Thursday’s Wall Street Journal had a piece about Petit h, the project of Hermès in which artisans working at their factory take left-over scraps and pieces and make new items. This is a little dog that my friend Coulda Shoulda Woulda sent me from London earlier in the winter. So cute. Instead of throwing these otherwise valuables away, Hermès is doing the ultimate recycling project.
The standards at Hermès are so stringent that if even one stitch is out of place, one thread is missing or one scratch is showing, the piece will not be sold. The project was started by Pascale Mussard, a member of the family which owns Hermès, who couldn’t stand seeing these scraps get tossed. She started “liberating” them and eventually found an artist who would work with the pieces.
She approached her family about the project after there was some inventory, and they agreed to move forward with the project. Thus, Petit h was born.
Just because the pieces are made with rejects and leftovers, doesn’t mean they’re inexpensive.
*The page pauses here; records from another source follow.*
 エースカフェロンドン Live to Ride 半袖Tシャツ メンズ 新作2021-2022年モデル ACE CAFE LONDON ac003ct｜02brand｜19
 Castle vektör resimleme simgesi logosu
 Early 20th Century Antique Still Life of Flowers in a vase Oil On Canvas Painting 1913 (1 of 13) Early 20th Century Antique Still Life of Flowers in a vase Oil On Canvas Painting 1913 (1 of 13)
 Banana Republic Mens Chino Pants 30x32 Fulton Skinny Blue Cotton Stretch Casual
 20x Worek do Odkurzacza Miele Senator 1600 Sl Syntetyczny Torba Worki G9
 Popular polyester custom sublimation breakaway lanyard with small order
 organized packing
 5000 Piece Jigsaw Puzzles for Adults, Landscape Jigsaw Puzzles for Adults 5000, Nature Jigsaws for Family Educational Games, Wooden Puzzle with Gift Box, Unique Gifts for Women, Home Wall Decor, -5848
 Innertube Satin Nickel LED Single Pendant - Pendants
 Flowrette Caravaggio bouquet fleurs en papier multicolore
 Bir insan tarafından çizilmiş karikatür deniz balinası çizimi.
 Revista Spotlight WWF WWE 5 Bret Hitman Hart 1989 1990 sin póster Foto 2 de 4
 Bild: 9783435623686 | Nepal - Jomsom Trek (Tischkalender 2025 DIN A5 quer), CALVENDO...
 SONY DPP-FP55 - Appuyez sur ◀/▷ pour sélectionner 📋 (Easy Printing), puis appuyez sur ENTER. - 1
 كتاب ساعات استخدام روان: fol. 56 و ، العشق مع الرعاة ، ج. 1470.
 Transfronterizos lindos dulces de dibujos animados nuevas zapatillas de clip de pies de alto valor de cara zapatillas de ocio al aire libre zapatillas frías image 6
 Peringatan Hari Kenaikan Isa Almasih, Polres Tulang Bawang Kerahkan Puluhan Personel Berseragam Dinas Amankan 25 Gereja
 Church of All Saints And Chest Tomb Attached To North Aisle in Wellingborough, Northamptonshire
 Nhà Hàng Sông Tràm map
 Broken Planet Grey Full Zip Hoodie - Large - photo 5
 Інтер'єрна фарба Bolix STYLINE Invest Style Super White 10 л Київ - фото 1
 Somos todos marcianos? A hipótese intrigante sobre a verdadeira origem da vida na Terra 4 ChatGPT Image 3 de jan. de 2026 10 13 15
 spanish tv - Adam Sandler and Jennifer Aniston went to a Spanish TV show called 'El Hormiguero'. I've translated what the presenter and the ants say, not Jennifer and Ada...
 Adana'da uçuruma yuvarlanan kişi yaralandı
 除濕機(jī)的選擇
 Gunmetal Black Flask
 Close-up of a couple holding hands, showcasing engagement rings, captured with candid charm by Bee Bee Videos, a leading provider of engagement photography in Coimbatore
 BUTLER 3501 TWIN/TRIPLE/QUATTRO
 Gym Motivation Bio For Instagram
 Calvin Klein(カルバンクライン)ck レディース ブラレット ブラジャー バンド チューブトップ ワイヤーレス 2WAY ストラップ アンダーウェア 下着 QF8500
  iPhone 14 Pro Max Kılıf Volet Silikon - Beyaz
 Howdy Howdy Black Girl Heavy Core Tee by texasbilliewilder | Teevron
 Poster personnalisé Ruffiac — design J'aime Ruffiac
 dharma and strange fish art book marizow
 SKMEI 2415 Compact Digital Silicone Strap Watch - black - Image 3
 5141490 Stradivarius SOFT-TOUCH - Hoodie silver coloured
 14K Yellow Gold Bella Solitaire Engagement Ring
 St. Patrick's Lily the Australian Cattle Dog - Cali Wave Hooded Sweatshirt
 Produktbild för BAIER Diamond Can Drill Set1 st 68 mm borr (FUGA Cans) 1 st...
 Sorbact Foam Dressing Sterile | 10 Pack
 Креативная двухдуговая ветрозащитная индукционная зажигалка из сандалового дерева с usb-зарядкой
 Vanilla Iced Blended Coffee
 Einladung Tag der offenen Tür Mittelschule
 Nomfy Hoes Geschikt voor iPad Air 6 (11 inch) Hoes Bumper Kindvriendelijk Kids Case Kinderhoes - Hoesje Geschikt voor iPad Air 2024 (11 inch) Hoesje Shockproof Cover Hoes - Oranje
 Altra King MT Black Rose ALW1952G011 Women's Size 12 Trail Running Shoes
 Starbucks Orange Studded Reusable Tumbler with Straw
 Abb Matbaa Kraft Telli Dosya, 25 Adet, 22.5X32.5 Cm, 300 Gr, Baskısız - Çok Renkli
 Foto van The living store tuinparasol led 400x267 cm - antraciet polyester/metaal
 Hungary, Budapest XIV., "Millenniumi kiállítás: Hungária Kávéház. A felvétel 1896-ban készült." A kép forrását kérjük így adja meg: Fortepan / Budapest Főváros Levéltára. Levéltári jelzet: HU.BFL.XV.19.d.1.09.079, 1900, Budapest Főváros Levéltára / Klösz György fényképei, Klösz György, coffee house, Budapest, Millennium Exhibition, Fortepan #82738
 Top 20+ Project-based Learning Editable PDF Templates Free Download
Each piece is a work of art and one-of-a-kind. Each piece must meet the company’s exacting standards. Petit h items are only sold at the Hermès store in Paris's St. Germain, but for two weeks in June there will be a pop-up shop in Southern California, as there was in January in London.
On another note, it’s such fun to browse the Hermès website, especially the Les Ailes de Hermès section of the site. There are always gorgeous photographs,
If you google Petit h and the WSJ, you can read the article, otherwise it’s behind a paywall, and I don’t know if my link will work.